Deficiencies in mGluR1 operation result in cerebellar gait problems, deficits in long-term depression and long-term potentiation and abnormal levels of regression of climbing fibers from cerebellar Purkinje cells49-50 basically reducing the probability that any fiber creates a strong one-one connection to an individual PC. In addition certain GluR1 mutations generate conditions that facilitate spontaneous ataxia through changes in the ligand-binding domain.51 Other important elements in pruning are GluRdelta2 and Cbln1, which bind to each other and are essential for the formation, organization and maintenance of PF-PC synapses52,53 and the proper execution of late phase synapse elimination as well as PLCbeta4 and PKCgamma which are part of the mGluR1 signaling cascade.24,54

Once the “winning” synapse has been identified, the creeping fibers that make up the synapse finish translocation to dendrites after the early stage elimination while the “losing” synapses remain around the soma. This proximity association creates two questions: 1) does the “winning” synapse produce some molecule that drives translocation towards the dendrites or do the “losing” synapses produce some molecule that inhibits translocation; 2) are somas “cluster pruned” or do each “losing” synapse produce a signal of sorts that targets it for elimination?

For the first question studies of the neuromuscular junction developed the “punishment model” of synapse competition where the strong synapse, created through the process discussed above, “punishes” other synapses by inducing two post-synaptic signals, one that protects itself and one that increases the probability of pruning for other synapses in the area.55,56 However, while this model works at the neuromuscular junction there is no direct evidence suggesting its accuracy for the central nervous system, although it has been the suggestion that complement proteins act as the protectors and punishers and induce microglia-based pruning.57,58

Recently microglia have become a leading candidate in the pruning process, including the process during development. The chief evidence to support this candidacy is electron microscopy imaging demonstrating microglia in the general proximity of RGC pre-synaptic inputs during the period of time when pruning is most likely to occur in developing dLGN.59,60 Further support comes from experiments where disruption of microglia during early development leads to incomplete and abnormal synaptic pruning.58 Based on this information one theory regarding synaptic pruning involves microglia CR3 receptors binding to C3 complement proteins produced in the pre-synaptic compartments due to a lack of glutamate release and appropriate feedback, which leads to synaptic engulfment.

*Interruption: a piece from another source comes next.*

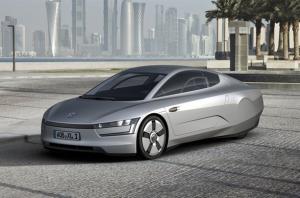 https://www.whatcar.lv/news/large/5b8dc6b76bad2a8557e2600055a4d8c5.jpg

However, there is an interesting immediate question regarding this potential role microglia play in developmental pruning? For example assume the pruning system fails and as a result autism develops. If microglia were involved in this process then how could microglia be available to eliminate/prune damaged neuronal connections later on in life? The general life span of individuals with autism, without another detrimental condition like epilepsy, implies that their brains are able to neutralize detrimental effects stemming from damaged neurons otherwise one would expect their life spans to be significantly shorter. How is this neutralization accomplished if the pruning process were damaged? The most plausible explanation is that there is a different mechanism to govern pruning during development versus during normal non-developmental operation. If so then specific experiments would need to be designed to determine the development pruning and developed pruning mechanisms.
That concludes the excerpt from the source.